PROBLEM DETAILS >>
Produce a verbatim copy of the records, and keep the images out of it.

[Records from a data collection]
Start of Block

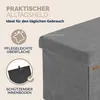 CASARIA® Sitzbank mit Stauraum Anthrazit Cord Faltbar Produktbild-Vorschau 7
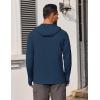 imageCOOFANDY Mens UPF 50 Hoodie Shirts Long Sleeve Rash Guard Sun Protection Fishing Shirts Lightweight Quick Dry HoodiesNavy Blue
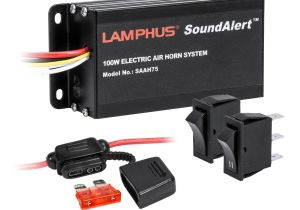 Lamphus sound Alert Wiring Diagram soundalert 100w Electric Air Horn Amplifier Pszaudahn075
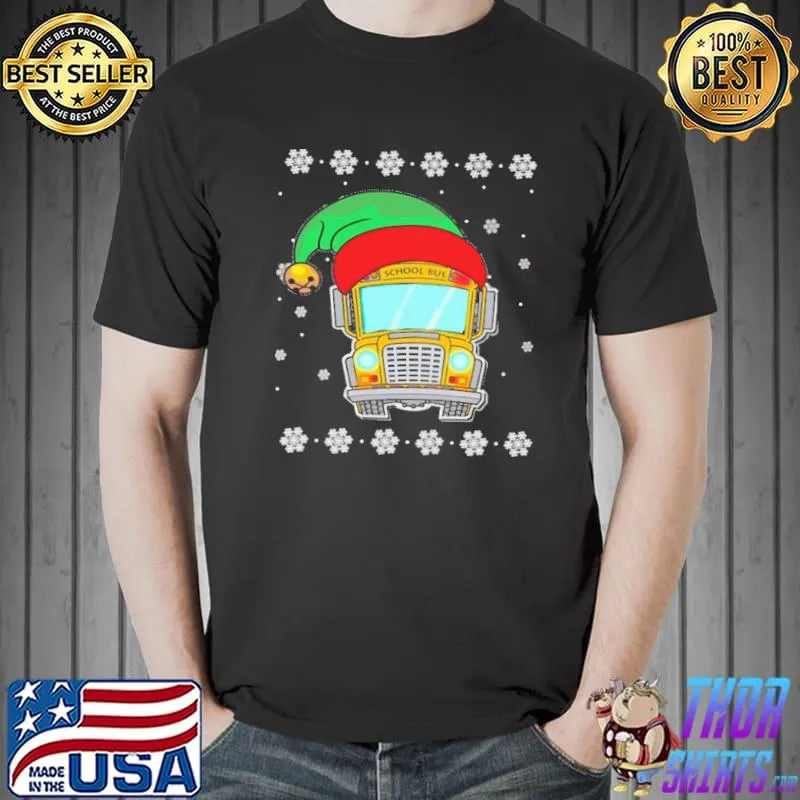 Official Christmas School Bus Efl Santa Shirt Unisex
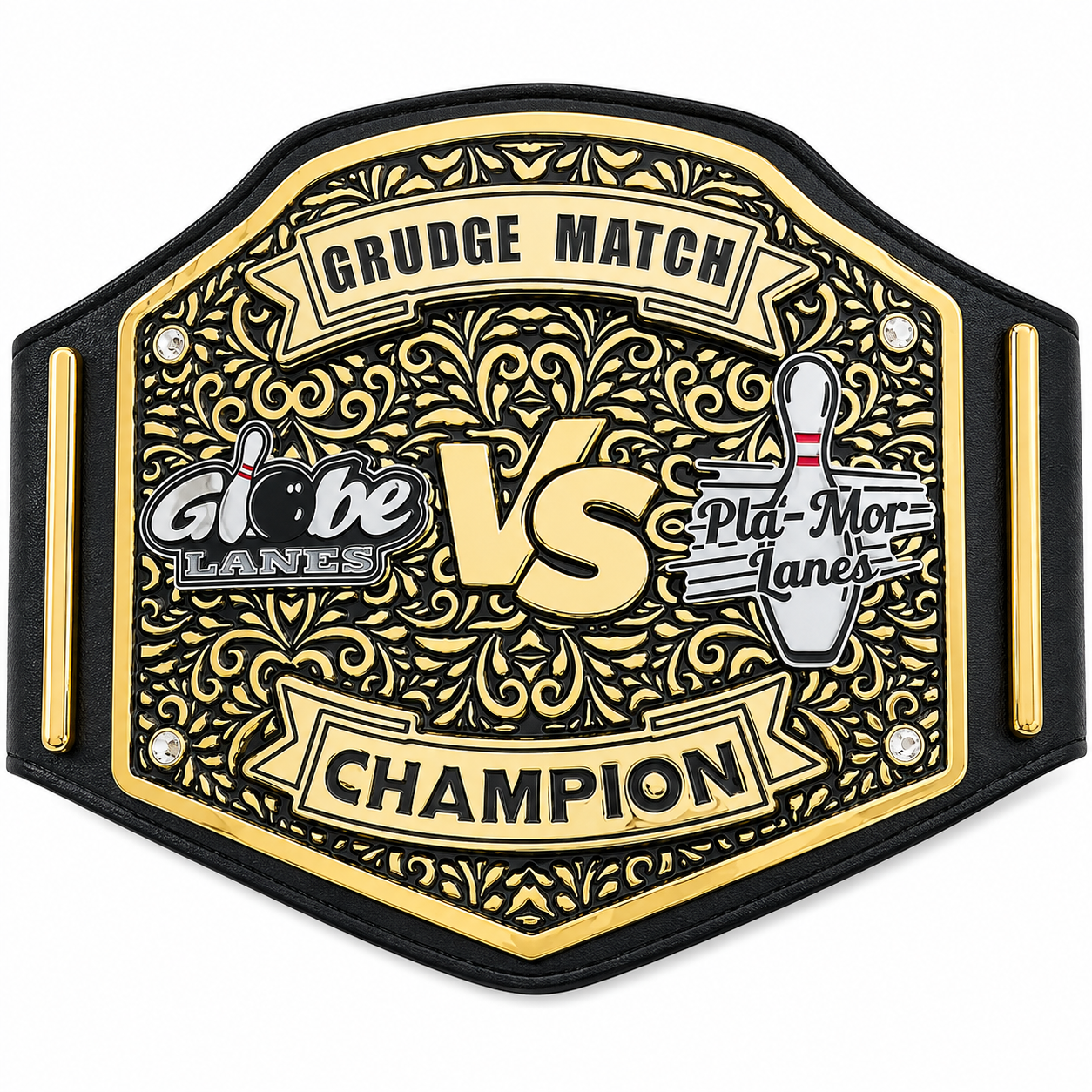 Grudge Match Champion Belt - Custom Bowling Showdown Title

End of Block

EXPECTED ANSWER >>
 CASARIA® Sitzbank mit Stauraum Anthrazit Cord Faltbar Produktbild-Vorschau 7
 imageCOOFANDY Mens UPF 50 Hoodie Shirts Long Sleeve Rash Guard Sun Protection Fishing Shirts Lightweight Quick Dry HoodiesNavy Blue
 Lamphus sound Alert Wiring Diagram soundalert 100w Electric Air Horn Amplifier Pszaudahn075
 Official Christmas School Bus Efl Santa Shirt Unisex
 Grudge Match Champion Belt - Custom Bowling Showdown Title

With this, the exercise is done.